- This bug that you create x engines in a depot and shoot up your company value i heard of this before. Didnt know if that was true or not but thats a pain indeed. Isnt there a possibility to substract this in the CV-calculation formula? (something like: CV" = CV - (engines [complete trains] that have <=0 income this year * their value) ? Or is that to simply thought?
well in the mindmap linked above i tackled it with subtracting the total value of all stopped/crashed vehicles. but you are right, i have also added "total value of all vehicles without positive income is SUBTRACTED" now. should be technically possible but right now everything is still nothing but theory.
- The thing i mentioned about the different cargo types is also a fragile part because a few short trains with different types and i transported 8/8 types cargo.
yes, good point.
what would be also a way to circumvent the problems of perf. ranking while keeping its positive aspects would be to not use perf. but making the same criteria part of the score algorithm, just in a smarter way.
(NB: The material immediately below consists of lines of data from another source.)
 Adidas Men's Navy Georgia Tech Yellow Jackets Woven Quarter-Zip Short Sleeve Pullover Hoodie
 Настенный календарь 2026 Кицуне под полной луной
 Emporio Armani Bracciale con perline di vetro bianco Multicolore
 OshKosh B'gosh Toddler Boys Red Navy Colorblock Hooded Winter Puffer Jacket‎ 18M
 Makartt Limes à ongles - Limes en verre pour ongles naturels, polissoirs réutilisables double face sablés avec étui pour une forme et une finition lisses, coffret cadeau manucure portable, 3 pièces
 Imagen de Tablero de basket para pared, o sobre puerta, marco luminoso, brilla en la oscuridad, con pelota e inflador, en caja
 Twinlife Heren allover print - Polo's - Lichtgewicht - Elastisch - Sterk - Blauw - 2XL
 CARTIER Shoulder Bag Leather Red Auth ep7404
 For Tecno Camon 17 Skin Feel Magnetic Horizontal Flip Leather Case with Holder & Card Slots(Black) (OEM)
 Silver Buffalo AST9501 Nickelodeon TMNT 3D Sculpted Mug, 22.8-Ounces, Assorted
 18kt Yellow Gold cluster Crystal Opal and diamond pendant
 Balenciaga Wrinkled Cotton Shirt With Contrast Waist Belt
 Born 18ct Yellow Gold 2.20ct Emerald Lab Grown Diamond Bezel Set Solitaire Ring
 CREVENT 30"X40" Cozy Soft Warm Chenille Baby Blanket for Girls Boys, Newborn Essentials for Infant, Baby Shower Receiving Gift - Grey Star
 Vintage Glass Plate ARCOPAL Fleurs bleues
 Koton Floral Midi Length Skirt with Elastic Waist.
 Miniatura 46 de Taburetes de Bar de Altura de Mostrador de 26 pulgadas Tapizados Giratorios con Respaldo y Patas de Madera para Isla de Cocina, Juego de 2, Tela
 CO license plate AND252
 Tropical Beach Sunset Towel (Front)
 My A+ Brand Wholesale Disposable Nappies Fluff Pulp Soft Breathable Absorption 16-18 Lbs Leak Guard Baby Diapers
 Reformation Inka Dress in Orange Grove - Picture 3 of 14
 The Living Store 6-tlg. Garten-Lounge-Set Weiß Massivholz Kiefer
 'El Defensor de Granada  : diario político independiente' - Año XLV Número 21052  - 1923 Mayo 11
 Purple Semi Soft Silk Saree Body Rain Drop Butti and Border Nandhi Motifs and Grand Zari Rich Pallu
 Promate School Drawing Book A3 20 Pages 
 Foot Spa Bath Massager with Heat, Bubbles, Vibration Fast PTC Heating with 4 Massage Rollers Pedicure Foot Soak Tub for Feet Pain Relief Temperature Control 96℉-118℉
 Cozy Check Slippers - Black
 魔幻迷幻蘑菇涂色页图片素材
e.g. we give a reward for cargo diversity too (like +1 XP for every cargo type transported) but only cargo types that you transport at least 20% of the amount of your most used cargo type are counted. that means if you focus on coal and transport 100,000 tonnes of coal per quarter you must at least transport 20,000 litres of oil to have oil count as another cargo type you are seriously transporting.
this won't be 100% accurate as not all units of all cargo types work on the same scale and not all industries grow their production the same, but it should still do a much better job than only checking whether any single object of a specific cargo type was transported.
put that idea also into the mindmap.
- You must be joking that you have the option to send money to other companies on? ... really :/
players like to use it to boost each other and lend each other money, it often leads to a quite social gameplay i often wonder about. and as long as the score system isn't just depending on money or CV alone the advantages of money transfer aren't really big (except in the beginning, as i mentioned, initial boosting...). it has always been enabled and didn't cause any problems in the past.
circumventing weaknesses in the score algorithm by disabling game features is never an elegant solution, rather a last resort of there is no other way to mitigate a potential problematic effect. i still hear you that this poses a higher risk of getting abused than many other features and we should watch it carefully. but this we can still review again when the score idea is finished - then we'll see whether disabling it would be necessary or the benefit from it would be too small to have a considerable effect.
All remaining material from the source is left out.